Они проходили по улицам, голубоглазые, не очень веселые, поскрипывая желтой кожей, в которую были одеты. Было в них что-то от клинка, пропарывающего живую мякоть. Они шли и озабоченно улыбались на цветы, кинутые им под ноги. Грохот духового оркестра мешался с набатным благовестом. На Соборной ждали завоевателей потные, взволнованные отцы города и духовенство в пасхальных ризах. Военачальники поднялись на помост, последовала краткая команда, победители сдернули с себя кепи с лакированными козырьками, Курилов вместе с другими наблюдал из толпы. По особым причинам он не эвакуировался вместе с красными и, пользуясь тем, что был здесь впервые, не скрывался совсем. Случилось, однако, что один малый с параличным правым веком, одетый по-праздничному, в зеркальных сапогах, стал поглядывать на него украдкой. На всякий случай Курилов протолкался из толпы наружу, но и парень немедля повторил тот же маневр и уже стоял сбоку. Он был, видимо, с пристани; густое рыбное зловоние обволокло Курилова, как облако.
— Дожж будет, как полагаете? — спросил парень и жаждал послушать куриловского голоса.
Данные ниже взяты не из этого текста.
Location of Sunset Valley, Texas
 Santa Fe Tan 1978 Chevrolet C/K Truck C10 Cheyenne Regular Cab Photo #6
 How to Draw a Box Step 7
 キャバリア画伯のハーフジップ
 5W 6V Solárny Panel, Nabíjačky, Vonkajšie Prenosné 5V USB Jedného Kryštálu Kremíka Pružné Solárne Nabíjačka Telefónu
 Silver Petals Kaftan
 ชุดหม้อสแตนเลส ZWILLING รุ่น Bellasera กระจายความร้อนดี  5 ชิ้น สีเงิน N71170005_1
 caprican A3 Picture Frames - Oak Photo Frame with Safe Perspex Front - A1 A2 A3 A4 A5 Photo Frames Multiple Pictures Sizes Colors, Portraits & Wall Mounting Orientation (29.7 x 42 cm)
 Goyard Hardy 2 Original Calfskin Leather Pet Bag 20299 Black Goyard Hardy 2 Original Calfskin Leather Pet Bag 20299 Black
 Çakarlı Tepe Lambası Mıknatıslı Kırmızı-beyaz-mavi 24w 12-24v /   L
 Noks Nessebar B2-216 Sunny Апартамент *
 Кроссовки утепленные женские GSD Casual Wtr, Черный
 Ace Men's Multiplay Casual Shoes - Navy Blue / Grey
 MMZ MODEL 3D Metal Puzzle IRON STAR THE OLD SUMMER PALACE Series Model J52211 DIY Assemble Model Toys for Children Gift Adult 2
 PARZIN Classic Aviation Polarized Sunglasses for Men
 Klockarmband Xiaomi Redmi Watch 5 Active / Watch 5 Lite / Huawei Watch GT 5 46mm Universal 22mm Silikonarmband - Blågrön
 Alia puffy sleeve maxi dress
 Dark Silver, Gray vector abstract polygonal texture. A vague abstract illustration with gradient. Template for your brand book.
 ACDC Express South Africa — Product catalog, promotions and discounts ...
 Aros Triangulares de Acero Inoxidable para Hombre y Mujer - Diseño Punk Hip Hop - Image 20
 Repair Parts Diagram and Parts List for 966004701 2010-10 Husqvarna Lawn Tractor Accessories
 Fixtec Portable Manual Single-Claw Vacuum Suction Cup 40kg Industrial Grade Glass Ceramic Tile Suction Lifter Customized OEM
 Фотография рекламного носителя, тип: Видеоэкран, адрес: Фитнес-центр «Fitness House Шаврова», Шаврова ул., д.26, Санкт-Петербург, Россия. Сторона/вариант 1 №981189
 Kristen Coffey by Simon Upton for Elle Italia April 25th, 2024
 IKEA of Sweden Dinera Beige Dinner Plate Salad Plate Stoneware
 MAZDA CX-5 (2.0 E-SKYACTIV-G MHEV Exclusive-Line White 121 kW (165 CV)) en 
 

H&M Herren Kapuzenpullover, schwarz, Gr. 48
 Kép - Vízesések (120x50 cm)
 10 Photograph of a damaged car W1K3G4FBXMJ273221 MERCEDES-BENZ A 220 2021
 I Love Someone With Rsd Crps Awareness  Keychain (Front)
Действительно, ветер усиливался, хоругви поворачивались по ветру, как флюгера, и голоса певчих растворялись в нем. Белые гребешки побежали по реке. И хотя ничего угрожающего не было пока в вопросе парня, Курилов понял, что его опознали по какому-то неуловимому признаку. Не торопясь, Курилов двинулся прочь по боковой улочке. Парень последовал за ним, и вот их стало уже двое. Второй был пониже ростом и в русых усах, таких широких, точно булку держал закушенной в зубах. Курилов лениво пересек опустевший базар и стал спускаться вниз, держа направление на рабочие казармы спичечной фабрики. Тем временем погоня размножилась человек до пяти. День был все равно бездельный, праздничный, развлечений не предвиделось; всякому лестно было уловить внезаконного человечка и посмотреть, как он станет выглядеть после десяти минут страшного и суматошного вдохновенья. Алексей Никитич повернул на Аптечную и, быстро пробежав ее до конца, шагал как ни в чем не бывало. Но его обошли; он увидел человек двенадцать позади себя, и впереди выступал тот же, с параличным веком. Боясь приблизиться в открытую, они что-то кричали издали и подманивали во все двенадцать пальцев.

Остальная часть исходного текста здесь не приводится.